L’horreur au fond des puits.
Dans le petit village nigérian de Kuru Karama, non loin de la ville de Jos dévastée par des affrontements inter ethniques et religieux, on remonte des dizaines de corps des puits. Le village de maisons en terre n’est plus qu’un champ de ruines et de sanglots.
Entourés d’une nuée de poules et de chèvres, des volontaires d’une association de secours musulmane sortent péniblement des cadavres de ces puits d’eau potable. Des victimes des journées de folie meurtrière qui ont secoué Jos, la capitale de l’Etat central du Plateau, et ses environs.
« Nous avons jusque-là remonté 62 corps, mais il y en a encore beaucoup et je pense qu’il va falloir combler ces puits avec du sable car les corps sont en décomposition », déclare à l’AFP Ibrahim Tanimu, le responsable d’une organisation de secours islamique.
Ses hommes entassent les corps dans des petits camions. « On les ramène à Jos pour les enterrer », dit-il.
Les impacts de balles et de profondes entailles de machettes sont visibles. Aucun bilan officiel des affrontements qui ont embrasé Jos et ses environs pendant quatre longs jours depuis dimanche dernier, n’a encore été publié, mais selon le Comité international de la Croix-Rouge (CICR), au moins 160 personnes ont été tuées et 18.000 déplacées.
En quelques heures Kuru Karama, un gros bourg agricole de 3.000 personnes à 30 km au sud de Jos, est devenu un village fantôme. Tout a été détruit, incendié. Même la mosquée: toit en zinc éventré, murs ocre jaune zébrés de noir par les flammes.
Les deux hauts-parleurs pour l’appel à la prière gisent, démantelés, par terre.
Sur un mur blanc, un panneau écrit à la main témoigne qu’il y avait là un poste de police.
Partout des casseroles cabossées, des matelas noircis, des vêtement éparpillés, des sacs de grains éventrés, et des traînées de sang témoignent de la violence qui s’est abattue sur ce bourg agricole, majoritairement musulman mais avec une minorité chrétienne.
« J’ai perdu dix membres de ma famille, dont mon père et mon frère Mohammed. Il venait juste de rentrer il y a une semaine d’Ukraine où il travaillait pour l’ambassade du Nigeria ». La voix d’Adamu Musa se brise: on vient de ramener chez lui le corps de son père de 73 ans, remonté d’un puits.
« J’étais à Abuja (la capitale fédérale) quand mon frère m’a appelé pour me dire que le village était attaqué. Ca a coupé brusquement. Je pense que c’est alors qu’il a été tué », raconte Musa, un chauffeur de bus, le corps secoué de sanglots.

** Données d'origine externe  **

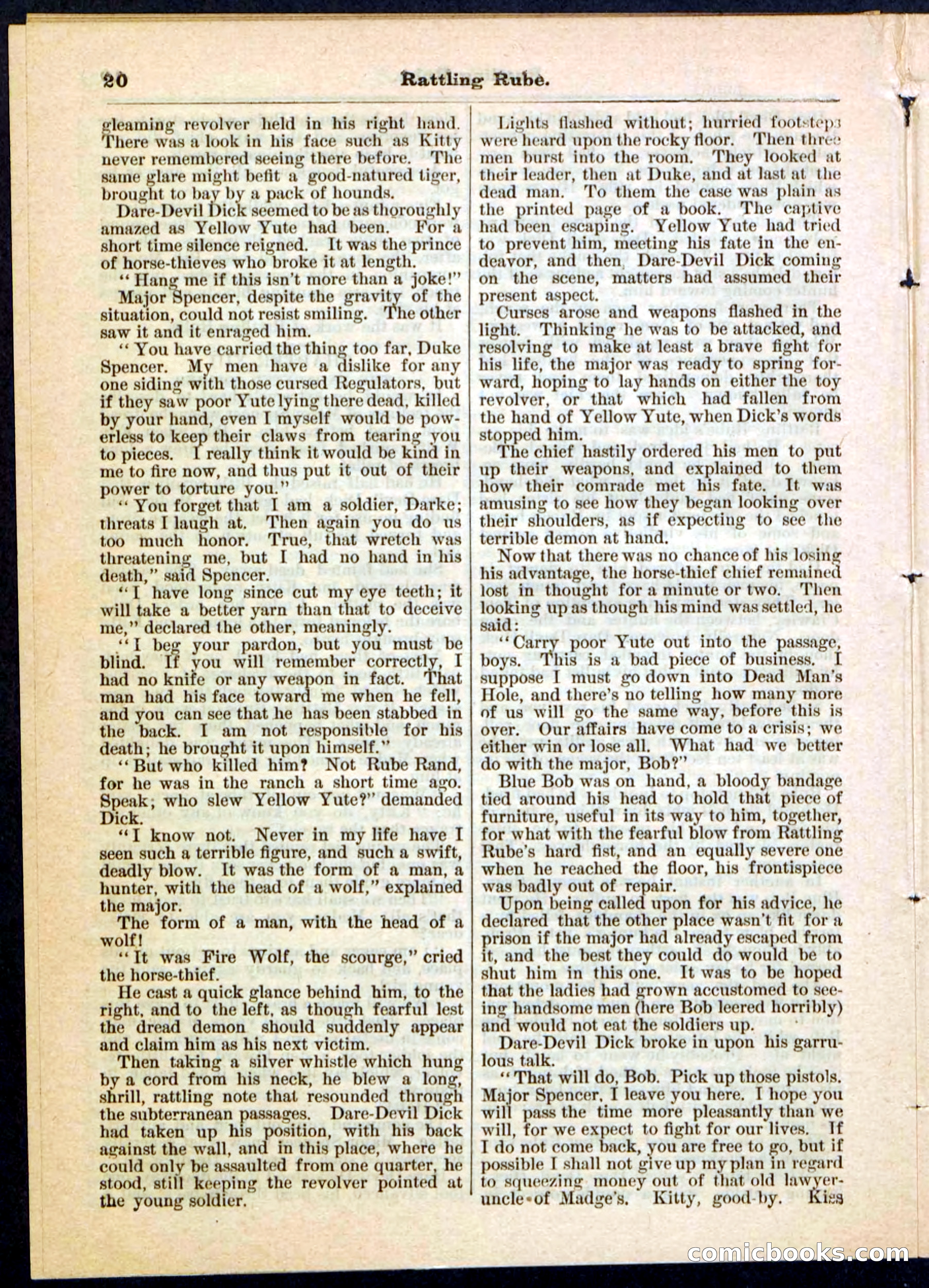 Beadle's Pocket Library, Vol. II, No. 25 — page 20 of 32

Dans les ruines d’une échoppe, un chaton noir miaule. « Je ne peux pas le laisser là ». Hassan, un volontaire venu d’Abuja, emporte l’animal terrorisé en le caressant.
« On ne peut pas encore dire combien de morts », dit à l’AFP le chef du village martyr, Umar Baza. Pour lui, les tueurs sont évidemment des chrétiens aidés par la police locale. « Quand on a appris ce qui se passait à Jos, j’ai réuni les chefs des deux communautés. Mais quelques heures plus tard, des jeunes chrétiens ont déferlé avec des fusils et des machettes. On a vite été débordés, raconte le maire.
Sur la route de Jos, le convoi de 25 voitures et camionnettes, escorté par un blindé de l’armée, s’arrête. Encore cinq corps à ramasser dans un canal d’irrigation non loin du village.
A 300 mètres des puits de la mort, des villageois chrétiens regardent depuis chez eux les volontaires empiler les corps de ceux qui furent leurs voisins.